Es aquí, precisamente, donde se concentra la mayor carga de reducción.

Esta
reestructuración de los intereses abarcaría una quita del 62% (porcentualmente
muy similar a la ejecutada en enero del 2005 luego del default de Duhalde) y se traduce en unos US$ 37.900
millones que no se pagarán.

Sobre el
stock adeudado, la quita propuesta es del 5,4%, lo que significan unos US$ 3.600
millones.

En lo que
a organismos internacionales respecta, todavía no se ha llegado a ningún
acuerdo, pero Martín Guzmán manifestó las intenciones del gobierno de suspender, asimismo, los pagos con el FMI hasta el 2023, exactamente aquello que la directora Georgieva quería evitar.

Mañana se hará publico el documento completo con todos los detalles y será formalizado a través de un Decreto de Necesidad y Urgencia, y será enviado a la SEC estadounidense para que evalúen su legalidad.

Sobre una respuesta de los acreedores en 20 días, ya que los mismos pueden negarse e ir a juicio (como ocurrió con los fondos “buitre” de la década pasada) Guzmán explicó:

“Es un período suficiente para que nuestros acreedores tomen decisiones.
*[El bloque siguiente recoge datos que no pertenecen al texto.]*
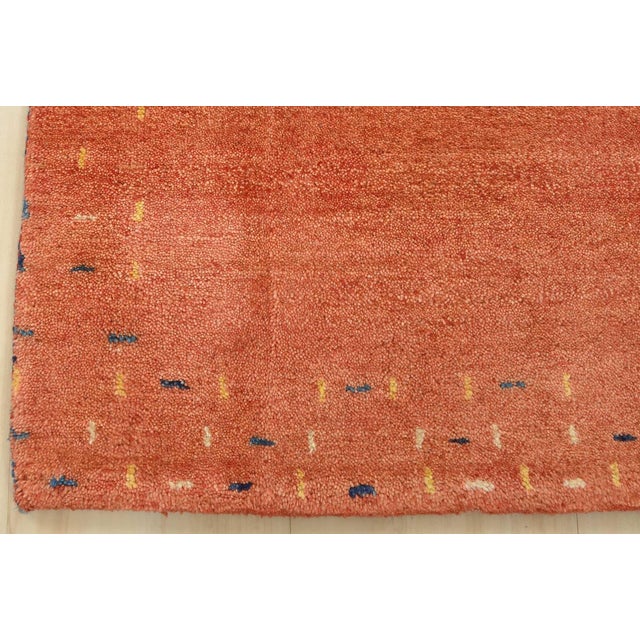 Gabbeh Rug 2’3” X 4’6” Rust Wool Contemporary Hand-Knotted Carpet For Sale - Image 10 of 13
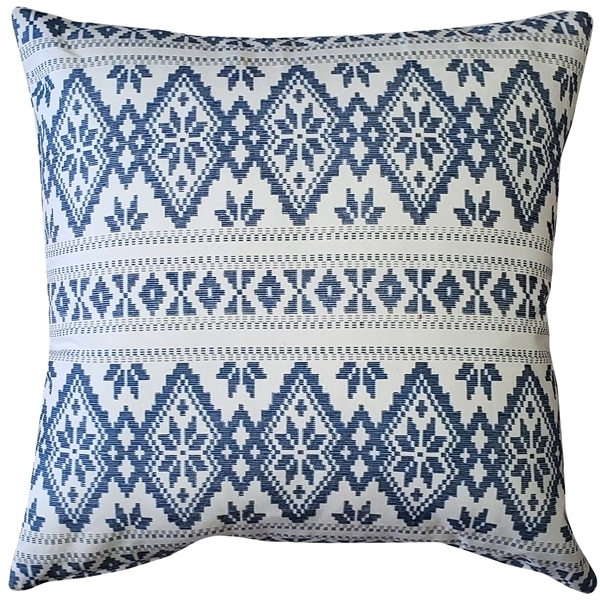 Pillow Decor - Malmo Blue Diamond Throw Pillow 17x17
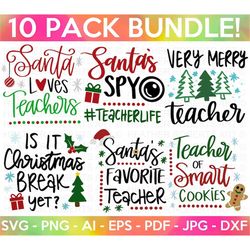 Teacher Christmas Colored SVG Bundle, Christmas SVG, School Christmas svg, Teacher Life, Santa SVG, Funny Christmas Shir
En este período va a haber gente jugando muy fuerte. Hay muchos intereses en juego. Las voces de nuestros acreedores, que buscan que la Argentina pague más, van a estar resonando. Va a ser importante que como sociedad tomemos el compromiso de estar unidos sobre esta oferta. Esta oferta es algo refundacional para la Argentina, para que tengamos un desarrollo sano”.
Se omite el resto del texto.